Bridging Anticoagulation: Review

Authors:
Rechenmacher SJ, Fang JC
Citation:
Bridging Anticoagulation: Primum Non Nocere. J Am Coll Cardiol 2015;66:1392-1403.

The following are 10 key points from this review of bridging anticoagulation:

  1. Each year, 15-20% of patients on chronic oral anticoagulants undergo an invasive procedure or surgery requiring temporary interruption of the oral anticoagulant.
  2. Most guidelines recommend three important principles for managing periprocedural anticoagulation.
    • Oral anticoagulants should not be interrupted for low bleeding risk procedures.
    • Patients at highest risk for thromboembolism without excessive bleeding risk should consider bridging. Conversely, those at low thromboembolism risk should not be bridged.
    • Intermediate risk cases should be managed by individuals considering patient- and procedure-specific risks for bleeding and thromboembolism.
  3. An important first step is to confirm the indication for oral anticoagulation. In some cases, oral anticoagulants may no longer be needed. In other cases, a recent thromboembolism (such as an acute deep venous thrombosis) suggests that interruption of anticoagulation should be avoided or postponed.
  4. Low bleeding risk procedures, for which anticoagulation should not be interrupted, include most dermatologic surgeries, orthopedic surgeries, pacemaker and defibrillator implantation, endovascular interventions, cataract surgery, and dental procedures.
  5. Rates of periprocedural thromboembolism and bleeding vary by indication and choice of anticoagulant. In general, the rate of thromboembolism without bridging anticoagulation is quite low (one estimate at 0.53%). Even patients with mechanical heart values have low rates of thromboembolism in recent studies. Patients with left ventricular assist devices are commonly treated with oral anticoagulants. However, bleeding is much more common than clotting in these patients.
  6. Contemporary bridging practices are quite variable and often without regard for thromboembolism risk.

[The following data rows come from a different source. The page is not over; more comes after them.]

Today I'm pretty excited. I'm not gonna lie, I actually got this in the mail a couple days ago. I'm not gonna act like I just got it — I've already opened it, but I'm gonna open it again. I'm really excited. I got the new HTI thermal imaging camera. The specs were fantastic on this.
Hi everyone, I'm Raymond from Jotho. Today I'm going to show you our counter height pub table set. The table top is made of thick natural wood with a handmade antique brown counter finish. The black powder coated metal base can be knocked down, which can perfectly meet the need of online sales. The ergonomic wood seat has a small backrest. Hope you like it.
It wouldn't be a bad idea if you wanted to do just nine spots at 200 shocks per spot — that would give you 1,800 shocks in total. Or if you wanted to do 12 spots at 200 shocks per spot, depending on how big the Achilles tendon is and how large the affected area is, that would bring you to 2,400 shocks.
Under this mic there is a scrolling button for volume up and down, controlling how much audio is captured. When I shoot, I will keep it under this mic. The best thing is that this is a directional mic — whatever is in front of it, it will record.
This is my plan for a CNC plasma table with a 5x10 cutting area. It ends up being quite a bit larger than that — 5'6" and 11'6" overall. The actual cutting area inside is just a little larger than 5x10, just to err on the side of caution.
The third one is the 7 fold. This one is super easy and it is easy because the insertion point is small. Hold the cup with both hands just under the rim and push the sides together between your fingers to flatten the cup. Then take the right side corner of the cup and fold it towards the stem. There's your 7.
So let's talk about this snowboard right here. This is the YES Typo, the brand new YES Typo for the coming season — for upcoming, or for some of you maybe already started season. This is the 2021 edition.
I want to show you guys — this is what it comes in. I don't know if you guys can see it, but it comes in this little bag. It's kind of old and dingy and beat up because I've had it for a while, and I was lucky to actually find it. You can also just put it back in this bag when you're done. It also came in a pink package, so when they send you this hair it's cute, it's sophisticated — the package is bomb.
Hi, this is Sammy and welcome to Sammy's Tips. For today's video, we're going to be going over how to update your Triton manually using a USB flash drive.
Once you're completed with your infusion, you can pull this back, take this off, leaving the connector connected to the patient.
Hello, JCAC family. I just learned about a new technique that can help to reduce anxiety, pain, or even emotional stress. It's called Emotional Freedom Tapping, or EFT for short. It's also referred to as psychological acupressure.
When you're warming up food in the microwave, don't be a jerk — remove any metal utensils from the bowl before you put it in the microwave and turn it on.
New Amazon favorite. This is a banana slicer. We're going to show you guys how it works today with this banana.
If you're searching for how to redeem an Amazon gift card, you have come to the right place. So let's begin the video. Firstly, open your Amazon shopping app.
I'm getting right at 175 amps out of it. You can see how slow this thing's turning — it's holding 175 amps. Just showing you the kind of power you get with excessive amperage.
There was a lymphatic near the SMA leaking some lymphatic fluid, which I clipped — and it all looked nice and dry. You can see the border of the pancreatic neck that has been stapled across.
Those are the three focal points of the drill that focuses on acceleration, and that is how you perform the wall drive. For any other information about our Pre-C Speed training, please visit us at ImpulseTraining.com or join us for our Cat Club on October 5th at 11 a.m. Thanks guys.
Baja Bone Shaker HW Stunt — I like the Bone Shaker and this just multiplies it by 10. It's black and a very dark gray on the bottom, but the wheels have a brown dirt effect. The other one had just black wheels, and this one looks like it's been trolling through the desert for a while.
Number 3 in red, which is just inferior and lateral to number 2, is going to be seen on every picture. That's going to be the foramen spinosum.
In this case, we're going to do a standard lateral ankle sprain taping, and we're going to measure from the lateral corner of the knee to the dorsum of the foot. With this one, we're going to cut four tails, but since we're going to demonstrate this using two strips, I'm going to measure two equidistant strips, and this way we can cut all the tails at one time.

Use of bridging "just to be safe" is producing preventable adverse bleeding events without thrombosis prevention.
  7. The recently published BRIDGE trial (N Engl J Med 2015;373:823-33) found that bridging in atrial fibrillation patients did not prevent thromboembolism (0.3-0.4%), but was associated with increased major (3.2% vs. 1.3%, p = 0.005) and minor bleeding (20.9% vs. 12%, p = 0.001). However, this trial did not enroll many atrial fibrillation patients at highest risk of thromboembolism (CHADS2 of 5 or 6) or with other indications for oral anticoagulation (e.g., venous thromboembolism or mechanical heart valves).
  8. The ongoing PERIOP2 (NCT00432796) study is exploring the role of bridging anticoagulation for patients with mechanical heart values and atrial fibrillation.
  9. Clinicians can consider the use of the BleedMAP (prior bleeding, mechanical mitral valve, active cancer, and low platelets) score to estimate bleeding (and thromboembolism) rates.
  10. Direct oral anticoagulants (dabigatran, rivaroxaban, apixaban, and edoxaban) do not require heparin bridging given their shorter half-life. They may also provide an oral alternative to low molecular weight heparin; however, few studies with this management strategy have been reported.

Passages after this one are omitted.